A novel continuous flow microfluidic platform specifically designed for environmental monitoring of O/W emulsions during an aftermath of oil spills is reported herein. Ionized polycyclic aromatic hydrocarbons which are toxic are readily released from crude oil to the surrounding water phase through the smaller oil droplets with enhanced surface area. Hence, a multi‐module microfluidic device is fabricated to form ion enrichment zones in the water phase of O/W emulsions for the ease of detection and to separate micron‐sized oil droplets from the O/W emulsions. Fluorescein ions in the water phase are used to simulate the presence of these toxic ions in the O/W emulsion. A DC‐biased AC electric field is employed in both modules.
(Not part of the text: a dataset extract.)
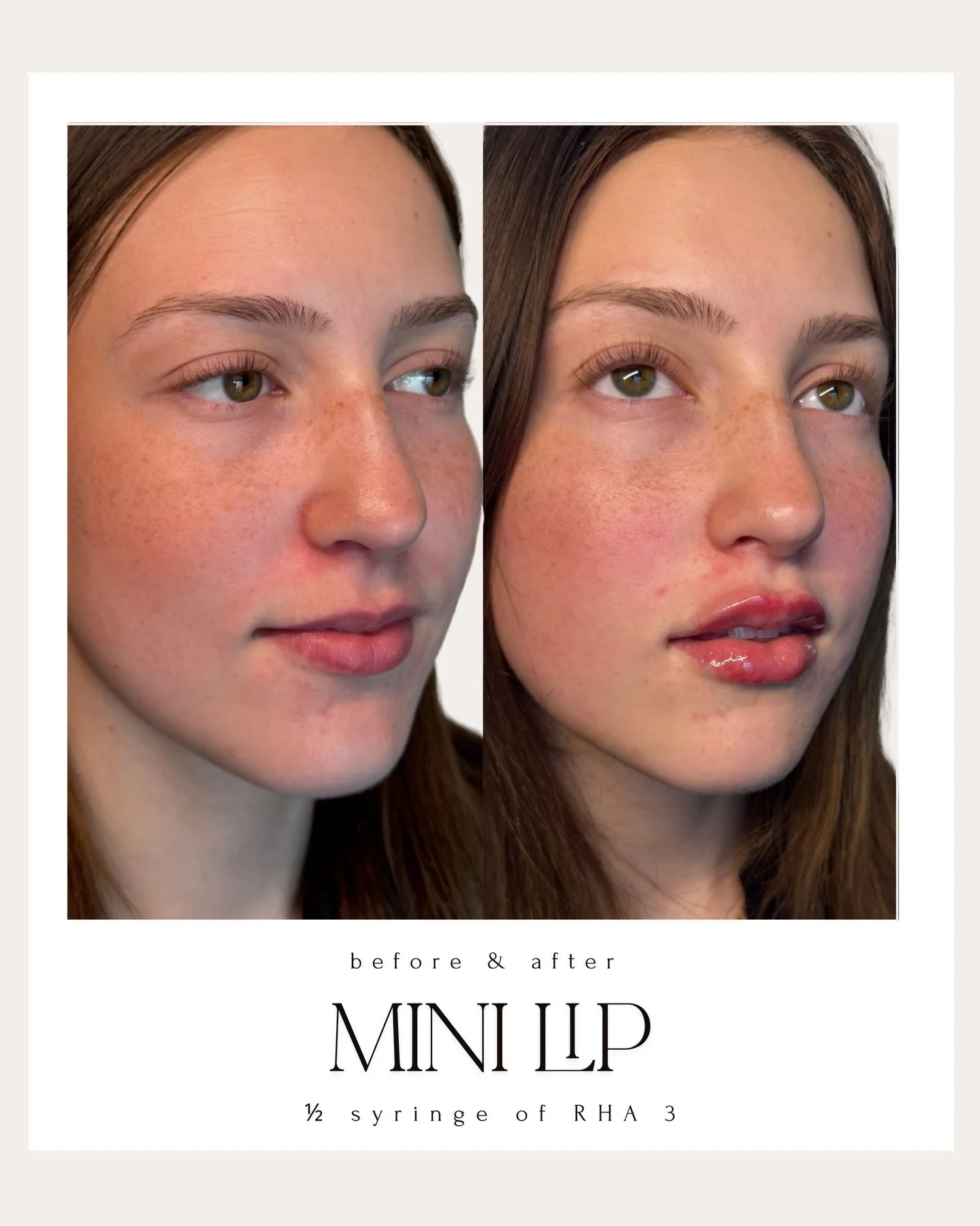 At Elite Derma, lip filler is never about &ldquo;bigger.&rdquo; It&rsquo;s about balance, structure, and enhancement of your natural shape.

As we age, we lose volume and support in the lips - causing flattening, inward curling, and less definition.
In the first module, a nanoporous Nafion membrane is used for activating the concentration polarization effect on the fluorescein ions, resulting in the formation of stable ion enrichment zones in the water phase of the emulsion. A 35.6% amplification of the fluorescent signal is achieved in the ion enrichment zone; corresponding to 100% enrichment of the fluorescent dye concentration. In this module, the main inlet is split into two channels by using a Y‐junction so that there are two outlets for the oil droplets. The second module located downstream of the first module consists of two oil droplet entrapment zones at two outlets. By switching on the appropriate electrodes, either one of the two oil droplet entrapment zones can be activated and the droplets can be blocked in the corresponding outlet.